If you have any questions or if you would like to learn more about this program, contact: learn@vectorinstitute.ai

# Case Study 2: Text Classification


In this notebook, we will use pre-trained deep learning model to process some text. We will then use the output of that model to classify the text. The text is a list of narratives from consumer complaints. And we will calssify each narrative to one of the compalint classes.

## Models: Consumer Complaint Classification
Our goal is to create a model that takes the text of a compliant and produces the class code. 

Under the hood, the model is actually made up of two model.

* DistilBERT processes the text and passes along some information it extracted from it on to the next model. DistilBERT is a smaller version of BERT developed and open sourced by the team at HuggingFace. It’s a lighter and faster version of BERT that roughly matches its performance.
* The next model, a basic Logistic Regression model from scikit learn will take in the result of DistilBERT’s processing, and classify the text. We will train both binary and multi-class calssifiers and will explain the methods to evaluate the results..

The data we pass between the two models is a vector of size 768. We can think of this of vector as an embedding for the sentence that we can use for classification.

## Problem
Each week the Consumer Financial Protection Bureau sends thousands of consumer’s complaints about financial product and services to company for a response. Classify those consumer complaints into the product category it belongs to using the description of the complaint.

## Dataset
The dataset is a small subset of data extracted from Data.gov website. We extracted only a very small part due to memory limitation of Google Colab.  The data is already clean. It is made of two columns:

1. **Product:** the complaint class
1. **Consumer complaint narrative:** the text of the complaint

## Installing the transformers library
Let's start by installing the huggingface transformers library so we can load our deep learning NLP model. Also, importing the required Python packages.

In [None]:
!pip install transformers

In [None]:
import numpy as np
import pandas as pd
from sklearn.linear_model import LogisticRegression
from sklearn.model_selection import cross_val_score, cross_val_predict
from sklearn.metrics import confusion_matrix, plot_confusion_matrix
import torch
import transformers as ppb
import warnings
import matplotlib.pyplot as plt
%matplotlib inline
warnings.filterwarnings('ignore')

## Importing the dataset
We'll use pandas to read the dataset and load it into a dataframe.

In [None]:
df = pd.read_csv('https://raw.githubusercontent.com/sayyed-uoft/TSSA/main/customer_complaints_samples.csv')

Let's look at the data

In [None]:
df

Let's look at the distribution of the products (labels):

In [None]:
df['Product'].value_counts()

In [None]:
df['Product'].value_counts().plot.bar()
plt.show()

## Loading the Pre-trained BERT model
Let's now load a pre-trained BERT model. 

In [None]:
# For DistilBERT:
model_class, tokenizer_class, pretrained_weights = (ppb.DistilBertModel, ppb.DistilBertTokenizer, 'distilbert-base-uncased')
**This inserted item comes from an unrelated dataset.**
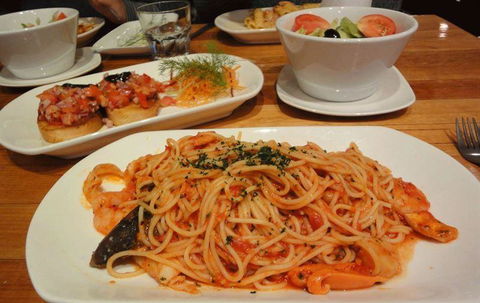 Da Ricardo's - Accommodation 4U 8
# Load pretrained model/tokenizer
tokenizer = tokenizer_class.from_pretrained(pretrained_weights)
model = model_class.from_pretrained(pretrained_weights)
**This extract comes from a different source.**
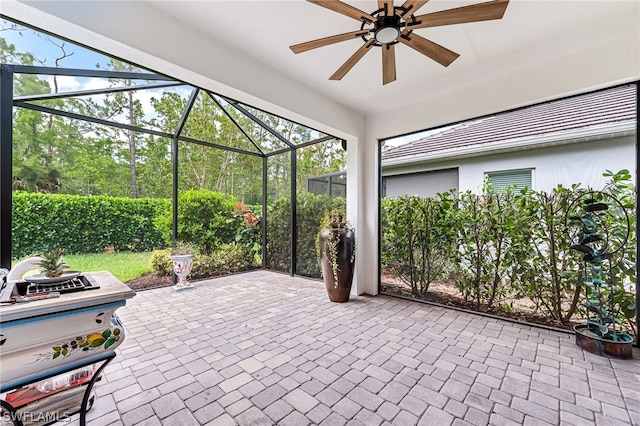 sunroom with ceiling fan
Right now, the variable `model` holds a pretrained distilBERT model -- a version of BERT that is smaller, but much faster and requiring a lot less memory.

## Preparing the Dataset
Before we can hand our narratives to BERT, we need to do some minimal processing to put them in the format it requires.

### Tokenization
Our first step is to tokenize the narratives -- break them up into word and subwords in the format BERT is comfortable with. The model accepts obly 512 tockens. So, we truncate longer messages.

In [None]:
# Tokenize the narratives
tokenized = df['Consumer complaint narrative'].apply((lambda x: tokenizer.encode(x, add_special_tokens=True, truncation=True)))

In [None]:
# view a few tockenized samples
tokenized.head()


### Padding
After tokenization, `tokenized` is a list of narratives -- each narrative is represented as a list of tokens. We want BERT to process our examples all at once (as one batch). It's just faster that way. For that reason, we need to pad all lists to the same size, so we can represent the input as one 2-d array, rather than a list of lists (of different lengths).

In [None]:
max_len = 0
for i in tokenized.values:
    if len(i) > max_len:
        max_len = len(i)

padded = np.array([i + [0]*(max_len-len(i)) for i in tokenized.values])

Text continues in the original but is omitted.